Celebrating Dental Assistants!
By Kimberly Bland, CDA, EFDA, M.Ed.
President, American Dental Assistants Association
March 2015 is a very special month for the dental assisting profession. Not only is Dental Assistants Recognition Week is being observed March 1-7, 2015, March 17, 2015 is the official 90th birthday of the American Dental Assistants Association! It was on that date in 1925 that the ADAA was officially incorporated in the state of Illinois. Looking back at the history of dental assisting, it is truly astonishing to review the transitions that occurred within the profession as well as note the accomplishments some of its pioneers.
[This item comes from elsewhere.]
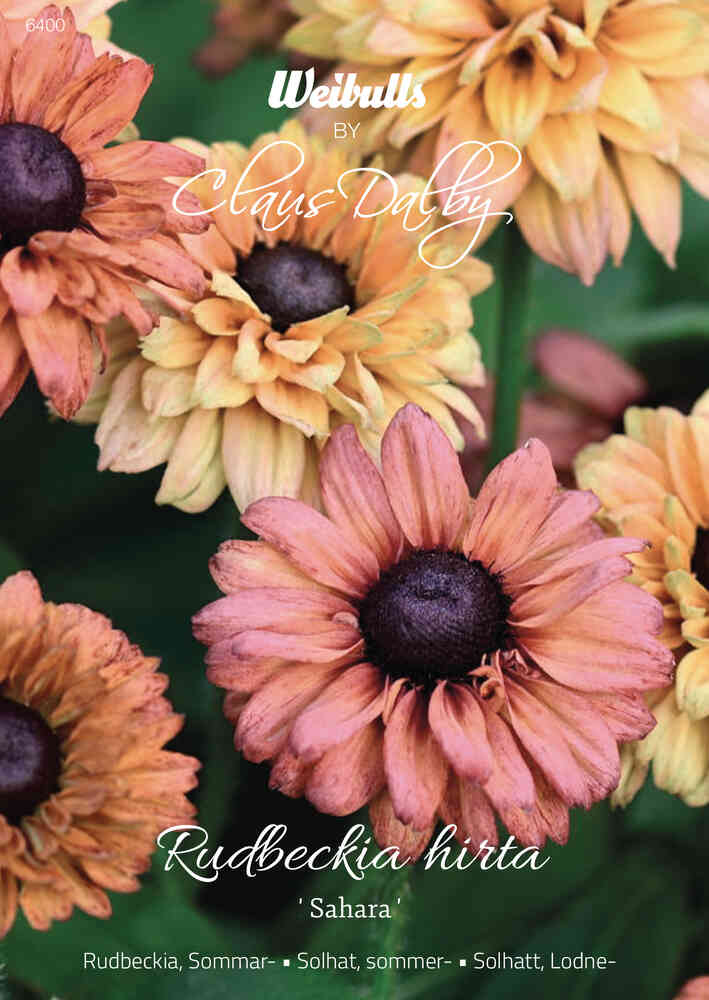 Sommarrudbeckia 'Sahara'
The profession of dental assisting dates back to 1885 when Dr. C. Edmund Kells of New Orleans began utilizing his wife as an assistant in his dental practice. Dr. Kells was a pioneer in many aspects of the dental profession. He was the first person to expose a dental radiograph in the United States and was known for many inventions and publications that, to this day, serve to benefit the practice of dentistry. As Kells became more successful in his practice, he soon realized the need for a second skilled assistant and hired a teenage girl, Malvina Cueria, to assist him full time. It should be noted that during the turn of the 20th century, it was still the social norm that women would only seek dental treatment with the consent of their husbands. With the news that Dr. Kells always had his wife and Malvina, two women in attendance, the dental practice thrived as women began to feel safe to seek dental treatment without the husband’s permission or his presence. Soon afterwards, many other dental practices began advertising they, too, had “Ladies in Attendance.” The profession of dental assisting had been born!
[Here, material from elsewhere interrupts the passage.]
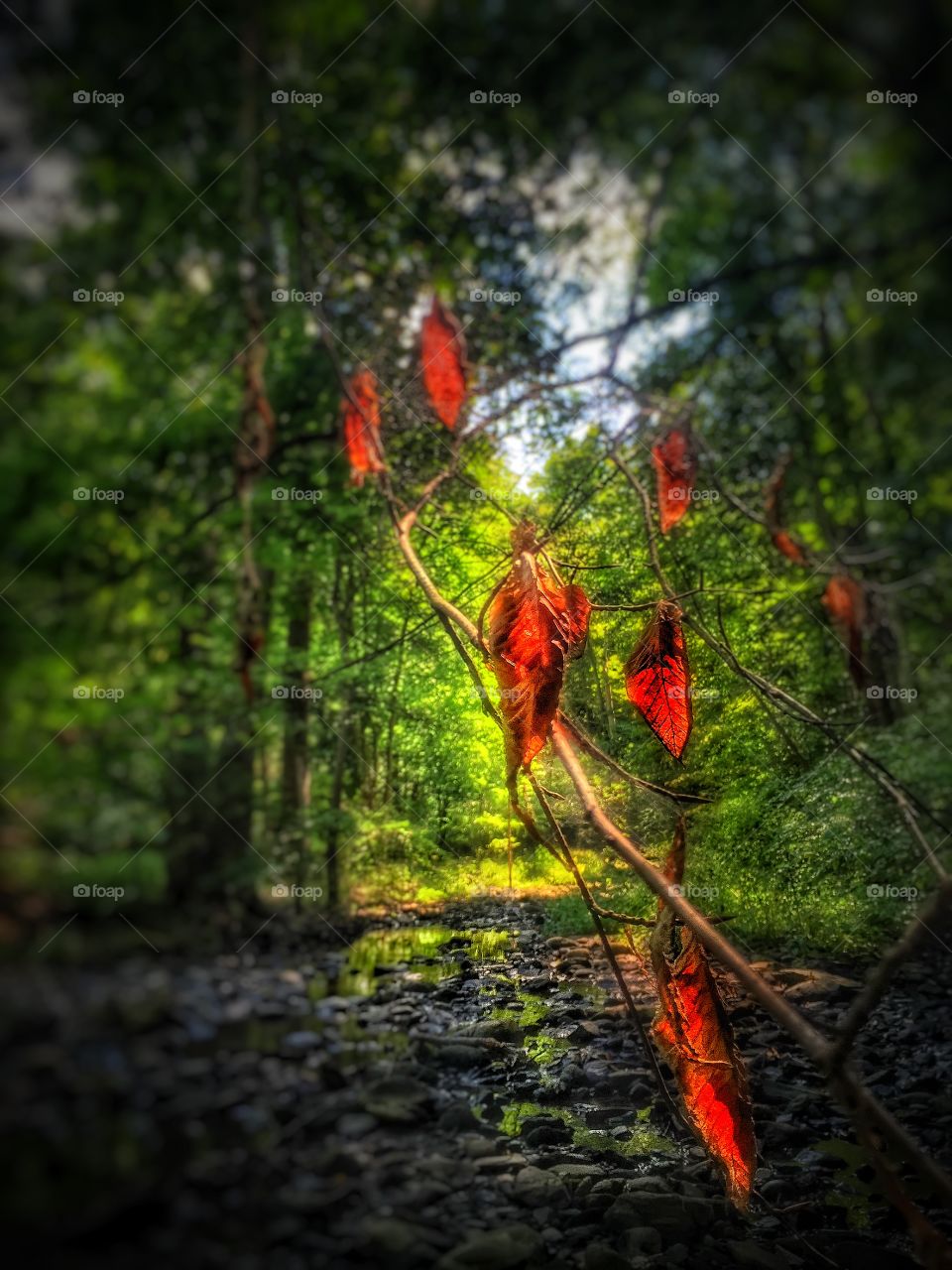 Autumn knocks on the door. A bunch of leaves changing color, signaling the end of summer.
In 1911, Dr. Henry Fowler, a New York City Dentist, hired Juliette A. Southard as a dental assistant. Juliette was a very intelligent and dedicated professional with remarkable leadership skills. Noting that a local society of dental assistants formed in 1917 in Nebraska, Juliette was inspired to begin her own local society in New York in 1921. With the success of her local organization, Juliette was inspired to unite all dental assistants within the country. As women had just recently earned the right to vote and women’s rights movements within the United States were still going strong, Juliette and a fellow dental assistant Jessie Ellsworth, who happened to be President of the Chicago and Cook County Dental Assistants Association, successfully petitioned to attend the American Dental Association convention in Cleveland, Ohio in 1923. Inspired by the ADA, Juliette orchestrated a national convention of dental assistants in Dallas in 1924 and was elected president during this organizational meeting of what now being called the American Dental Assistants Association. Shortly thereafter, the ADAA’s constitution and bylaws were drafted and on March 17, 1925 the state of Illinois officially incorporated the American Dental Assistants Association. To this day, the Association headquarters remains in the Illinois village of Bloomingdale, just outside of Chicago.
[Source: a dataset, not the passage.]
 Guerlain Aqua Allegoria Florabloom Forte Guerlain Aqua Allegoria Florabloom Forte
In 2015 the profession of dental assisting endures and as dentistry advances with new knowledge and techniques, dental assisting diversifies and expands. Dental assistants continue to work chairside with the dentist but in today’s world of technology they can also be found performing expanded functions, taking X–rays, managing the business office, teaching, and working in insurance or sales. Regardless of the specialization, dental assistants are vital to the success of all dental practices. And to think it all began with the “Ladies in Attendance.” March 17, 1925…it’s a date being remembered this year by the American Dental Assistants Association.
The ADAA is also proud to celebrate Dental Assistants Recognition Week, scheduled for March 1–7, 2015. This week–long tribute to the commitment and dedication dental assistants is being sponsored by the ADAA, the American Dental Association, the Canadian Dental Assistants Association and the Canadian Dental Association. “Dental Assisting: Embracing the Changes of the Profession” is the theme for the 38th annual Dental Assistants Recognition Week. It is a time for dental assistants to receive greater recognition for their own unique and diverse contributions to the dental profession and the dental health care of the public.
The American Dental Assistants Association (ADAA) has proudly been the recognized voice of dental assisting for 90 years. It remains committed to promoting quality dental health care to the public and enhancing the public image and stature of the dental assisting profession.